_The task_
Working from the entries that follow, transcribe exactly and only the lines from the one with "Recalibrate Art Card" through the last, pictures excluded.

_The records_

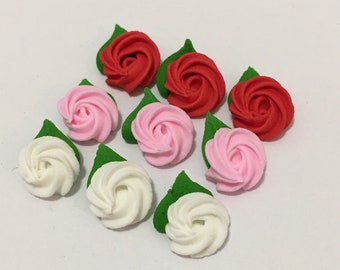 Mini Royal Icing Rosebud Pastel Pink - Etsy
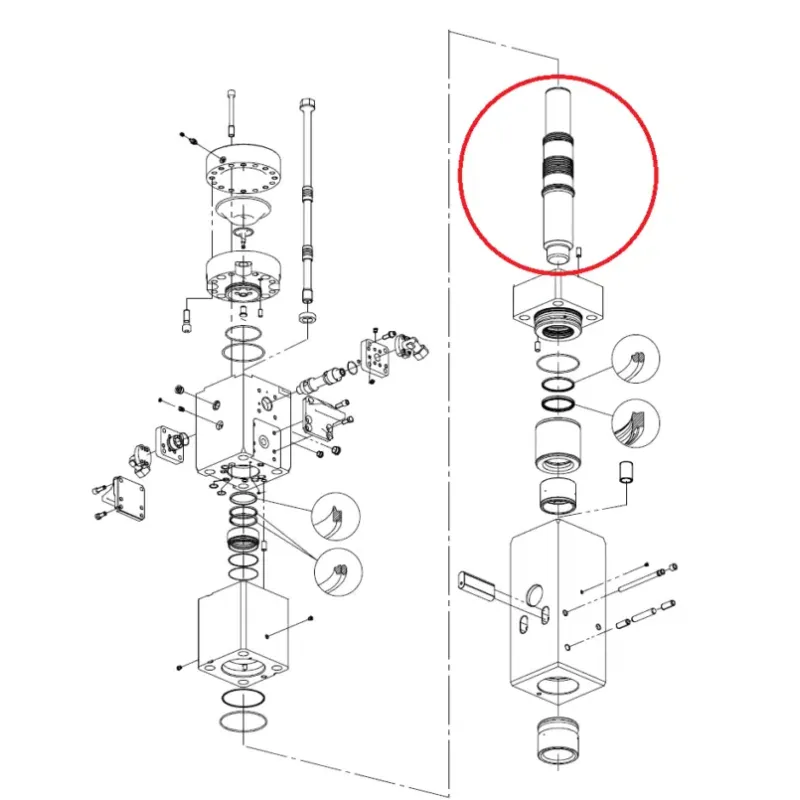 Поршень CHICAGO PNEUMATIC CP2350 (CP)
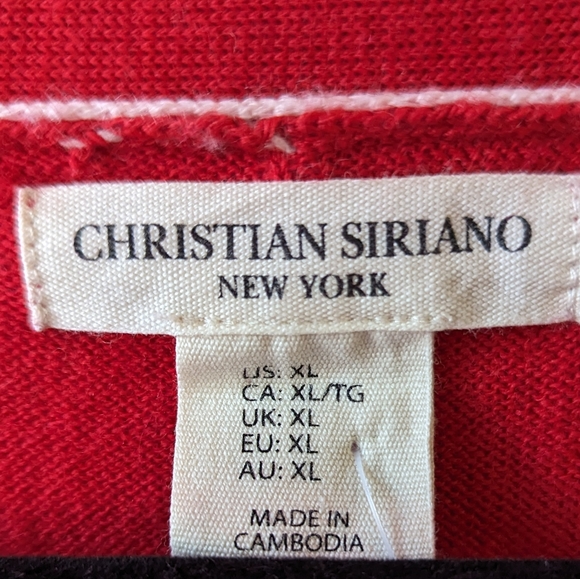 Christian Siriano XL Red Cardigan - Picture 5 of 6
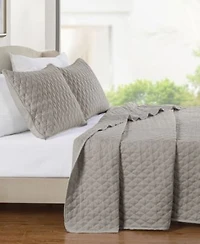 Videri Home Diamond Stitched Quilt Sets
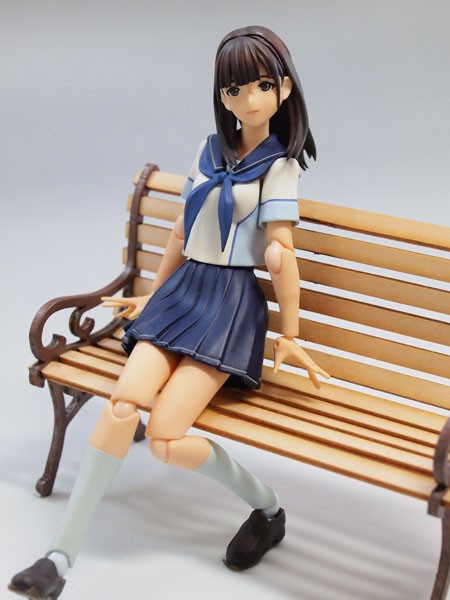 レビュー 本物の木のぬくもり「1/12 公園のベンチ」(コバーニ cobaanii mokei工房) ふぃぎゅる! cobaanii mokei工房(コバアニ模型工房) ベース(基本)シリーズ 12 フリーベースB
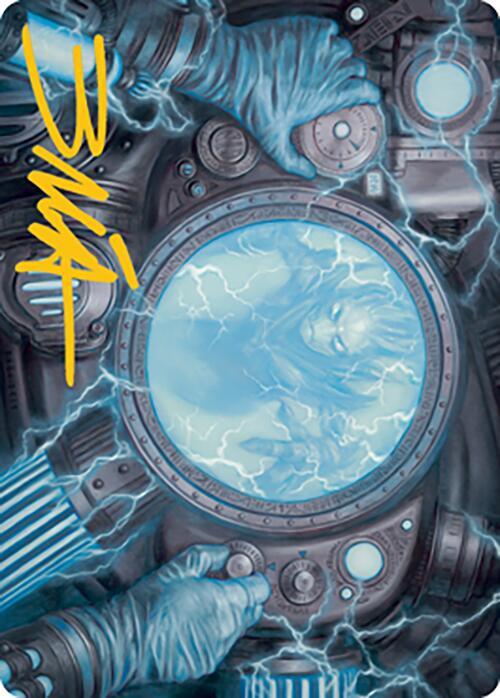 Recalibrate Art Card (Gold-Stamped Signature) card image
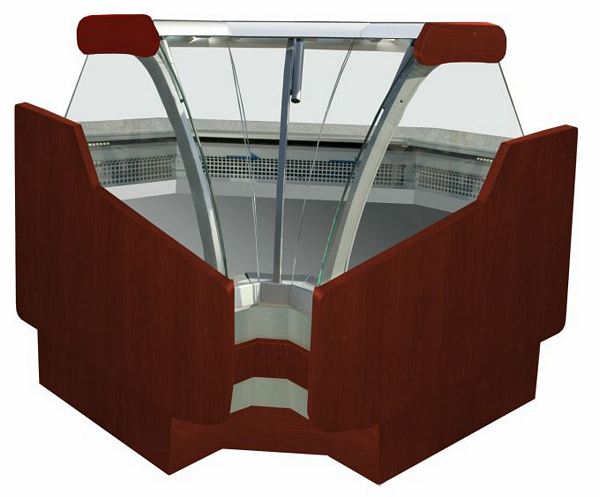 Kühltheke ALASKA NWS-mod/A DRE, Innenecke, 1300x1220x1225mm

_Output below_
 Recalibrate Art Card (Gold-Stamped Signature) card image
 Kühltheke ALASKA NWS-mod/A DRE, Innenecke, 1300x1220x1225mm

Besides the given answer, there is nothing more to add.